Source: Analyst's Compilation

Price/Sales and Price/Book Analysis

Price/Sales (Forward):

With a forward price-to-sales ratio of 2.66, Morgan Stanley appears to be trading at a slight premium of 6.68% compared to the sector median of 2.49. Moreover, it's also higher than its own five-year average by 8.26%, indicating that investors are willing to pay more for each dollar of Morgan Stanley's sales compared to both its peers and its historical performance.

Price/Book (Forward):

The forward price-to-book ratio of 1.62 indicates a significant premium of 56.27% over the sector median of 1.04. Furthermore, compared to its own five-year average of 1.38, the premium is still notable at 17.29%. This suggests that investors are paying a substantial premium for Morgan Stanley's book value compared to both its peers and its historical average.

Dividend Assessment

Morgan Stanley offers a forward dividend yield of 3.68%, with an annual payout of $3.40 per share. The payout ratio stands at 58.55%, indicating that the company distributes approximately 58.55% of its earnings as dividends. The five-year growth rate for dividends is robust at 23.66%, suggesting a healthy increase in shareholder returns over the years. Additionally, the consistent dividend growth over the past 10 years indicates the company's commitment to returning value to its shareholders.

Source: dividend.com

Analyst Forecasts and Ratings

According to CNN, out of 26 analyst ratings, 38% recommend buying MS, while 62% suggest holding the stock, with no sell recommendations. The one-year stock price forecasts from high, median, and low projections indicate potential price ranges of $80 to $116. The current stock price of $93.21 falls within this range.

As per the Wall Street Journal, the stock price targets range from a low of $80 to a high of $116, with a median target of $95. The average target price is slightly higher at $95.87 compared to the median target.

Source: CNN.com

MS Stock Price Technical Take

The Morgan Stanley stock price may hit $105 by the end of 2024. The target is based on the current momentum of change in polarity over the mid-term projected over Fibonacci retracement and extension levels.  Currently, the price is moving sideways above the horizontal price channel.
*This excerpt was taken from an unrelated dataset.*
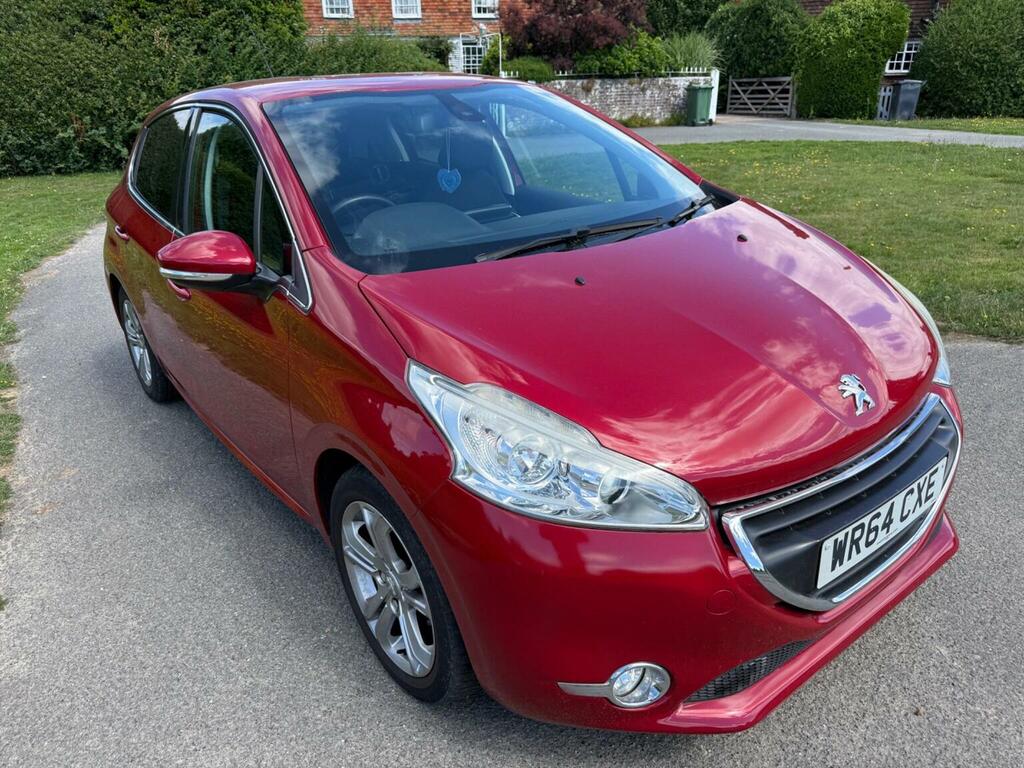 Peugeot 208 1.6 E-hdi Allure Euro 5 Ss Red #2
Here, $88.80 and $81.20 may serve as the critical support levels for the ongoing uptrend of the stock price. These levels are the upper bond and the pivot of the current horizontal price channel.

The price has taken significant support at the modified exponential moving average. With that, the price has breached the prevailing resistance near $88.80 during March–April 2024.  Looking at the RSI, at 68, the stock price is near an overbought state, signifying the possibility of a small correction to retest $88.80.

Optimistically, MS stock price may reach $105 by the end of June 2024. This projection is based on a short-term change in polarity over the 12-month and 6-month periods (weekly). This target may be reached based on possible earnings surprises for Q1 2024 and a progressive outlook for Q2 2024.

Source: tradingview.com

In conclusion,  despite short-term fluctuations, Morgan Stanley's long-term trajectory suggests consistent progress ahead of the broader market and potential challenges in maintaining profitability. Considering analyst forecasts and technical indicators, a cautious approach is advised, with a projected target price of $105 by the end of June 2024, acknowledging potential corrections along the way.  

 
*Disclaimer: The content of this article is for learning purposes only and does not represent the official position of VSTAR, nor can it be used as investment advice.